I have got a lot on my plate at the moment: Working weekends to build my business, keeping the page and blog up to date and promoting a crowdfunding campaign, all the while working a day job to pay the bills, fulfilling other big and small obligations, trying to follow a hobby and have somewhat of a social life. In combination the above can make life appear to be one big clusterf**k.
So when my alarm went off the other morning, I just had it with everything. I didn’t want to face the hustle, the to-do list or the people to call. I didn’t want to open my laptop. The time spent on facebook and twitter, those minions of the digital Antichrist, I wanted to much rather invest into eating cereal from the box in my pajamas. Balling up in fetal position and lying in the half-dark of my bedroom while powering through a TV series I had already watched seemed like a great choice to spend the day.
So just as every sensible person would, I did nothing.
For an hour or so I just lay there, not moving much, just breathing and letting my thoughts drift. My inner monologue slowly shifted from rants a là Ari Gold (warning, strong language) to a slower, clearer and more reflective voice. I began to process through the big solid mass of incongruent thought lingering in my head. Things started clicking into place and the throbbing in my temple slowly abated. I felt much better.
I have been in that exact same situation before, except sometimes the series I want to watch is a different one. It always leaves me with one question: how the hell did I get myself into the black hole that is overwhelm, again? The answer is that productivity can be a trap. I like getting things done but sometimes I get so strung up on being productive that I feel guilty when I’m not working on anything. Sound familiar? I bet it does.
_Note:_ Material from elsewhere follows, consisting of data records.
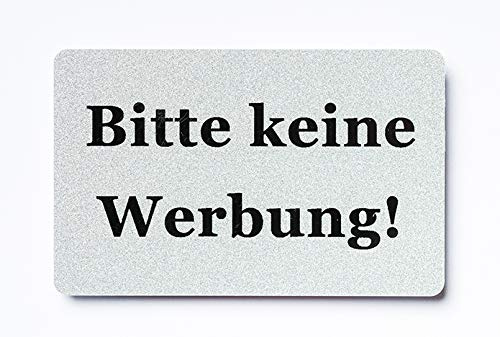 2x Bitte keine Werbung magnetisch und selbstklebend Aufkleber Tür Schild Türschild Briefkasten Briefkastenschild Haus Praxis Büro Geschäft silber (4)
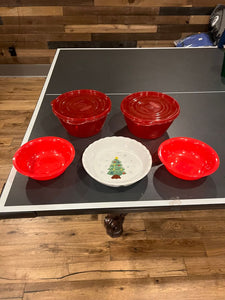 Serving containers red and Christmas tree Two lrg bowls with lids, two bowls, one pie plate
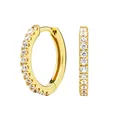 Luxurious gold huggie earrings with full pave cubic zirconia stones in a minimalist design - Gold / 6mm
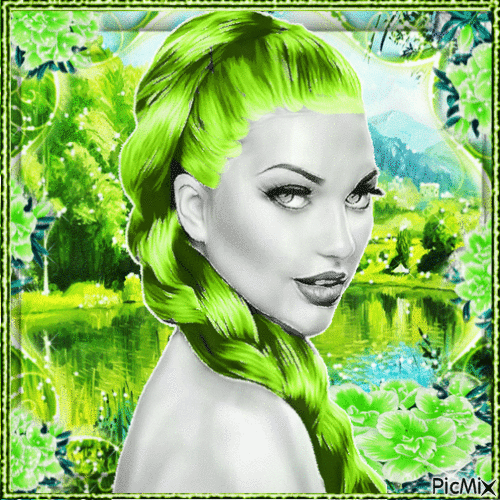 Woman with green hair - Gratis animerad GIF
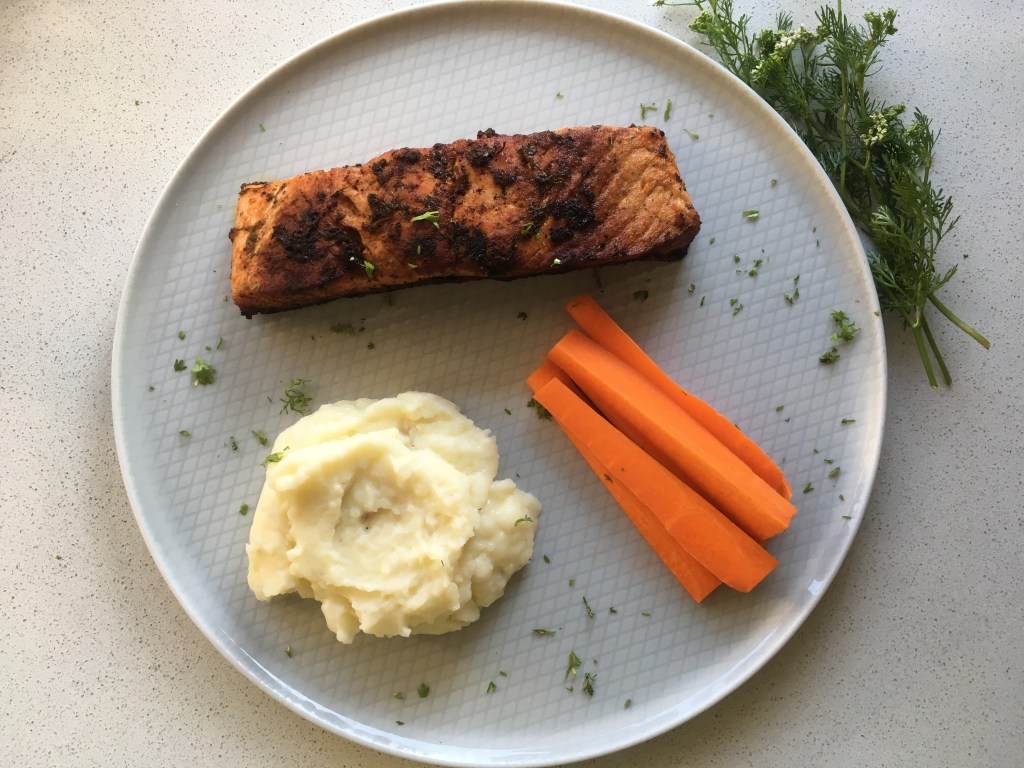 Pan Fried Salmon with Indian Spices and Mashed&nbsp;Potatoes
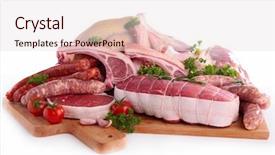  Presentation with raw meat - Presentation theme with assorted raw meats background and a lemonade colored foreground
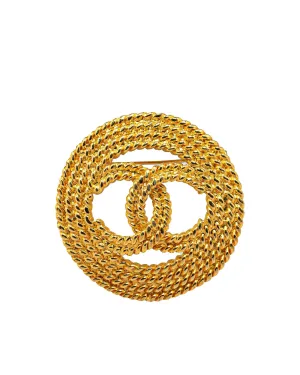 Gold Plated CC Round Brooch with Back Pin Closure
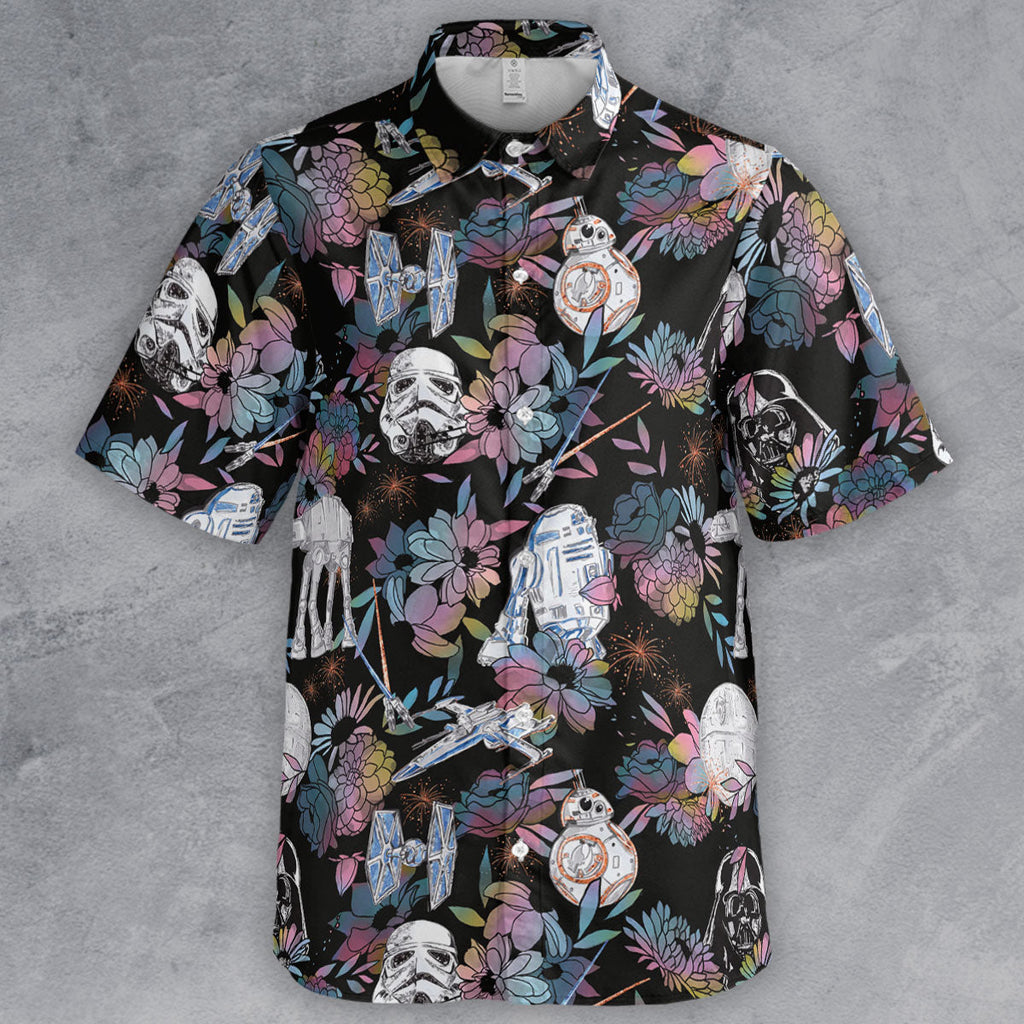Floral Wars Dark Side Star Wars Pattern Button Down Shirt
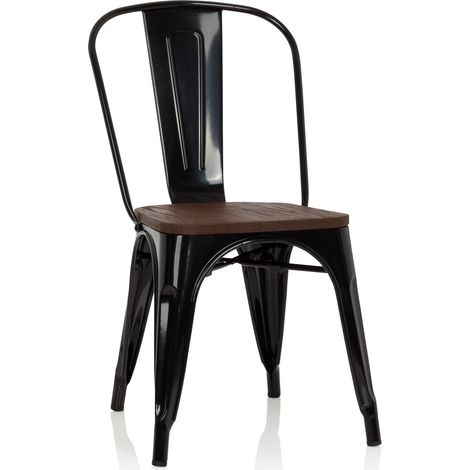 Stuhl VANTAGGIO COMFORT W metallic schwarz / Sitz Echtholz dunkel hjh OFFICE (1/5)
The solution to overwhelm is not to do more or to try harder but to prioritize. In order to do so it is necessary to have enough distance from the issue. Only then can we evaluate which choice is going to be the smartest. Taking some time not doing anything provides the space to let the chatter in our heads quiet down and bring order into our thought processes.
Only through this one change I have reduced my stress level significantly. I am feeling more concentrated and more in control of my life. As a direct result I have actually gotten more productive. Sounds to good to be true, right? But try it out. Next time you find yourself overwhelmed, instead of banging your head harder against the wall, do the opposite, do nothing for a bit. Things will start to crystallize.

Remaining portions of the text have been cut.